Nothing in the records should be changed in the copy, though the pictures must be left out.

Web page caption snippets:
========

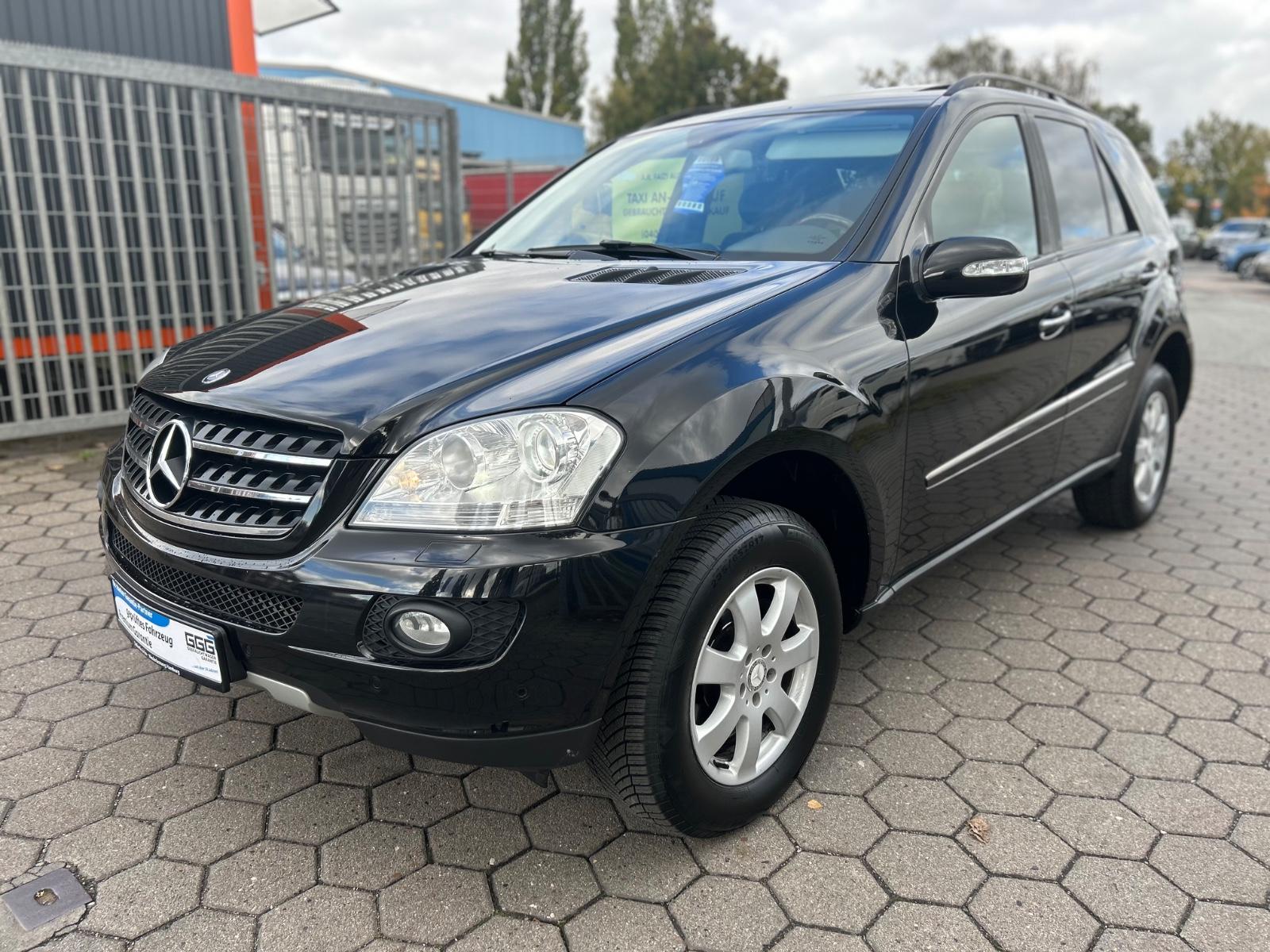 Mercedes-Benz ML 320 CDI *AHK*PDC*NAVI*Keyless go*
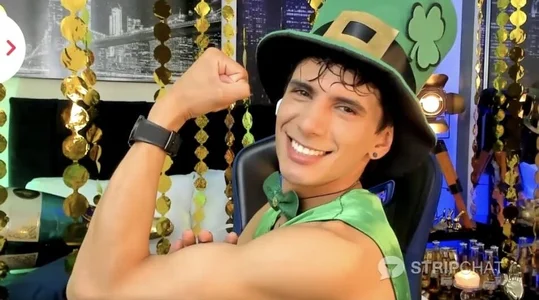 Jeick-Dawson SAINT PATRICK Pic 2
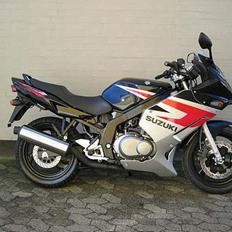 Suzuki GS500FK5 (solgt)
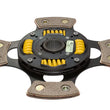 Load image into Gallery viewer, ACT 1992 Acura Integra 4 Pad Sprung Race Disc - Side View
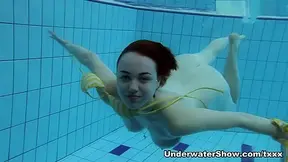 UnderwaterShow Video: Poleshuk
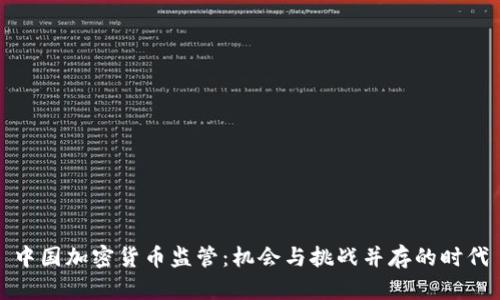 中国加密货币监管：机会与挑战并存的时代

========

Output of the exercise:
 Mercedes-Benz ML 320 CDI *AHK*PDC*NAVI*Keyless go*
 Jeick-Dawson SAINT PATRICK Pic 2
 Suzuki GS500FK5 (solgt)
 Load image into Gallery viewer, ACT 1992 Acura Integra 4 Pad Sprung Race Disc - Side View
 UnderwaterShow Video: Poleshuk
 中国加密货币监管：机会与挑战并存的时代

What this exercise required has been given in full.